Optimization of gasoline compression ignition combustion with ozone addition and two-stage direct-injection at middle loads

Abstract

Ozone (O3) was introduced into the intake air to control the ignition in a gasoline compression ignition (GCI) engine. An early fuel injection at −68 °CA ATDC was adopted to mix the fuel with the reactive O-radicals decomposed from the O3, before the reduction of the O-radicals due to their recombination would take place. The second injection was implemented near top dead center to optimize the profile of the heat release rate.
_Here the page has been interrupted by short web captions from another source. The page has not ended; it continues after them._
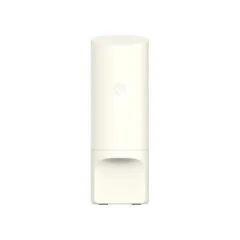Cambium WIFI6 AX1800 Outdoor XV2-2T1 cnMaestro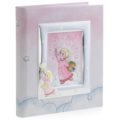 cm 20x24 - pink
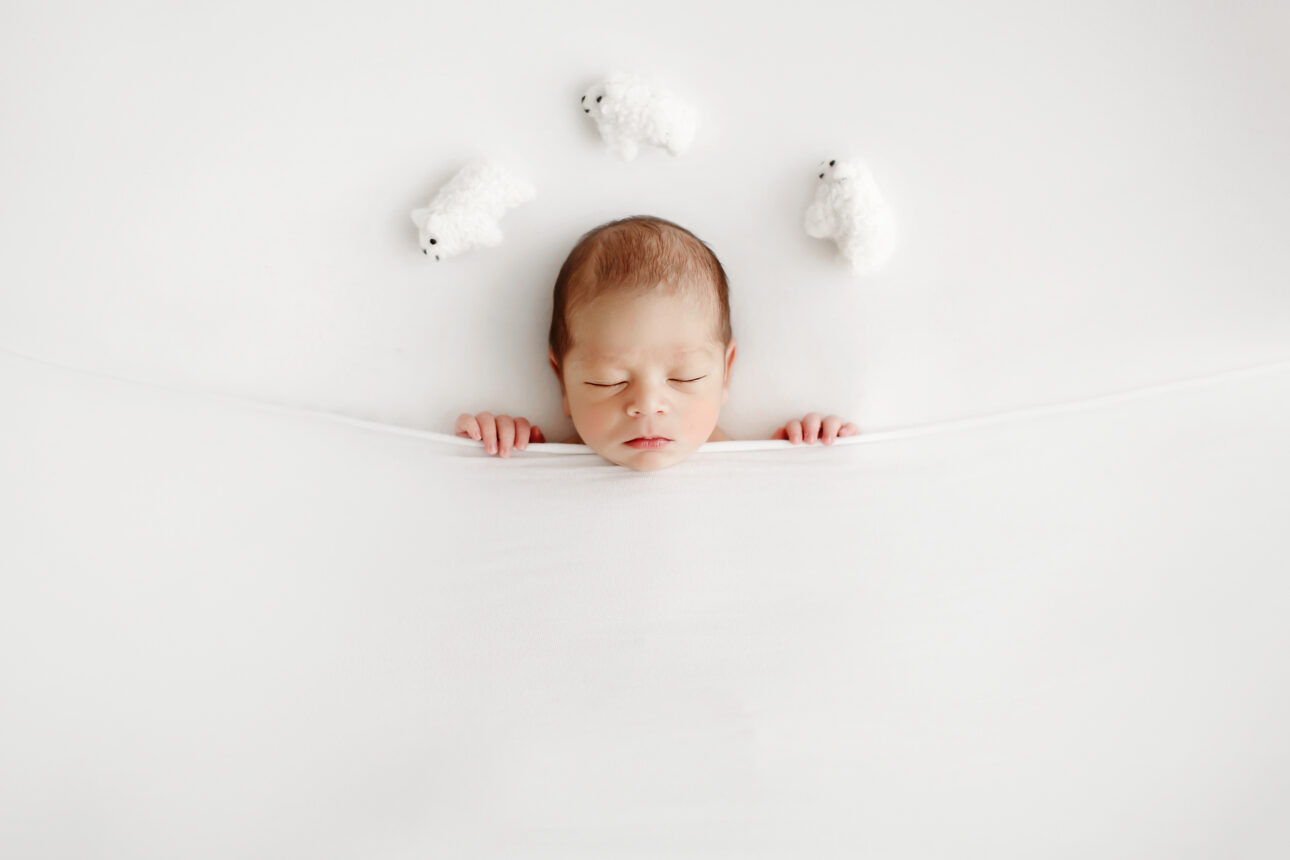 London Newborn Photography 2 London Newborn Photography 02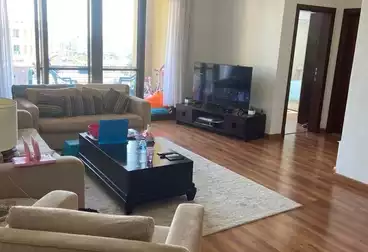 undefined undefined - 2 rooms - floor 2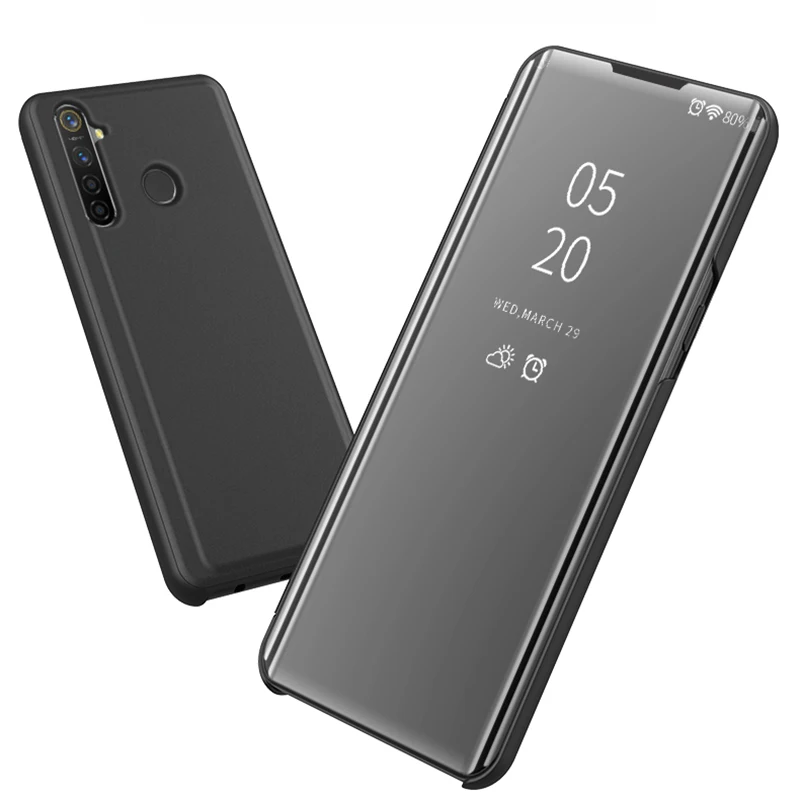 st4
The engine experiments were performed around the indicated mean effective pressure (IMEP) of 0.67 MPa with a primary reference fuel, octane number 90 (PRF90), maintaining the 15% intake oxygen concentration with the EGR. The quantity of the first injection, the second injection timing as well as the ozone concentration were changed as experimental parameters. The results showed that the GCI operation with the ozone addition makes it possible to reduce the maximum pressure rise rate while attaining high thermal efficiency, compared to that without the ozone. Appropriate combinations of the ozone concentration and the first injection quantity achieve low smoke and NOx emissions. Further, the ozone-assisted GCI operation was compared with conventional diesel operation. The results showed that the indicated thermal efficiency of the ozone-assisted GCI combustion is slightly lower than that of the conventional diesel combustion, but that GCI assisted with ozone is highly advantageous to the smoke and NOx emissions.